The device or the method and system serve to ensure efficient communication between different units within an autonomously operable agricultural machine. A sensor signal of an environment sensor is received via an input interface. A fault situation can be recognized based on this signal. This fault situation is assigned to a predefined fault class. At predefined time intervals, messages are transmitted to a control device of the agricultural machine via a vehicle bus system. The vehicle bus system of the vehicle serves to connect a plurality of units connected thereto. The fault class of the fault situation is found in the periodically transmitted messages precisely when the fault situation was recognized. If no fault situation was recognized, empty messages are transmitted.
In this respect, the device only transmits information. The communication between the device and the control device of the agricultural machine is essentially unidirectional. The device sends messages to the central control device. The messages are processed in the vehicle control device. The control device serves to control a self-driving unit and/or an implement of the agricultural machine. Individual driving functions or other functions of the agricultural machine are thus actuated (based on the ascertained and transmitted fault class) only in the vehicle control device. Driving functions and/or implement functions in particular can be actuated.

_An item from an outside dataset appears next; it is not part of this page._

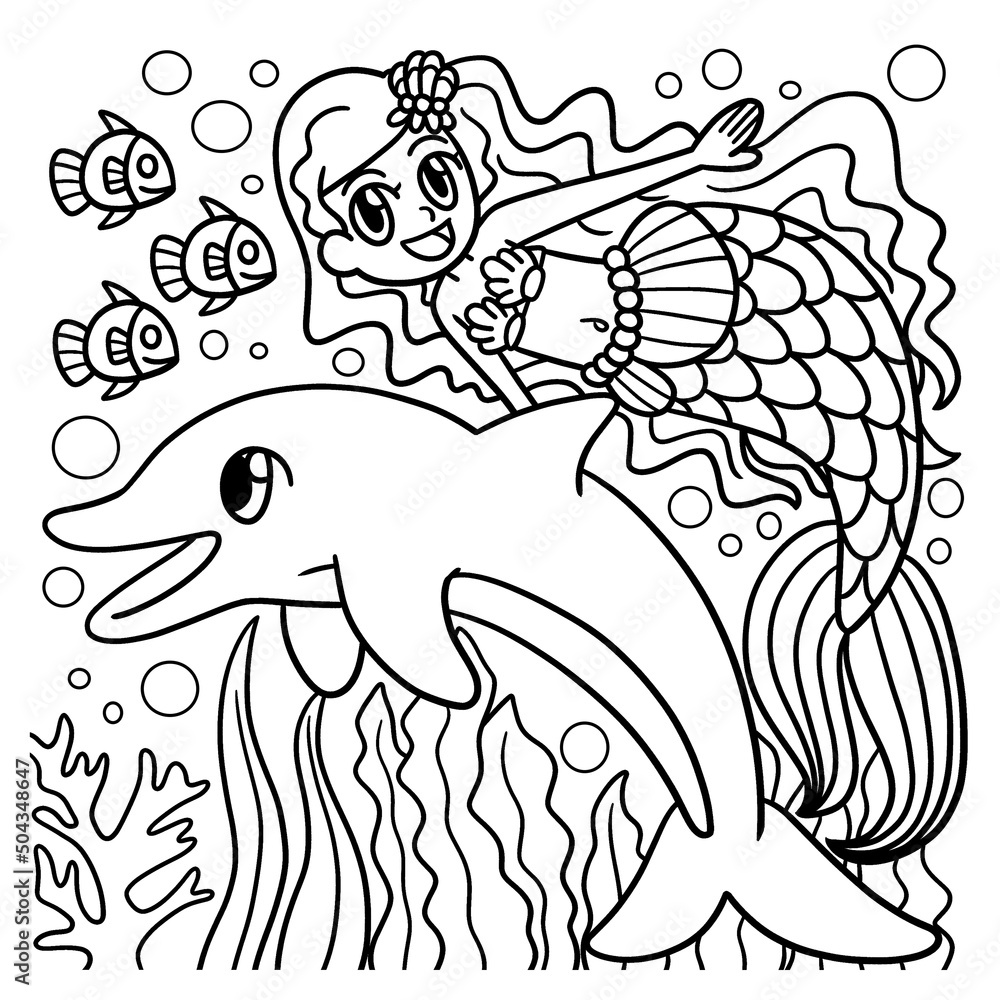 Swimming Mermaid And Dolphin Coloring Page Swimming Mermaid And Dolphin Coloring Page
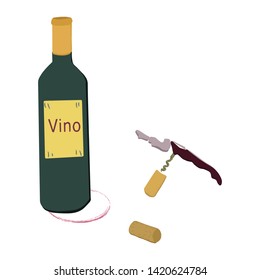 Hand drawn corkscrew illustration on white background. Wine cork screw, bottle opener equipment. Design element isolated on white background. Vector illustration.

By periodically transmitting the messages, efficient communication can be ensured. An overload of the vehicle bus system in critical situations, in which a plurality of units wants to simultaneously transmit messages, can be avoided. It is directly possible to establish whether a communication fault is present and no more messages arrive. Communication systems (in particular a vehicle bus system) present anyway in an agricultural machine can be used, as a result of which subsequent installability is achieved. Efficient communication between a plurality of units is enabled by using a vehicle bus system. Due to the simultaneous use of one communication channel by a plurality of systems, communication faults can be prevented to the greatest extent possible.
In comparison to previous approaches in which direct control of vehicle functions and/or implement functions takes place based on the sensor data of an environment sensor, simplified communication with lower load on the communication channel is achieved by the classification and periodic transmission. In addition, reliability is improved. In comparison to previous approaches in which direct control based on the sensor signal of the environment sensor takes place, communication is reduced and reliability is also increased.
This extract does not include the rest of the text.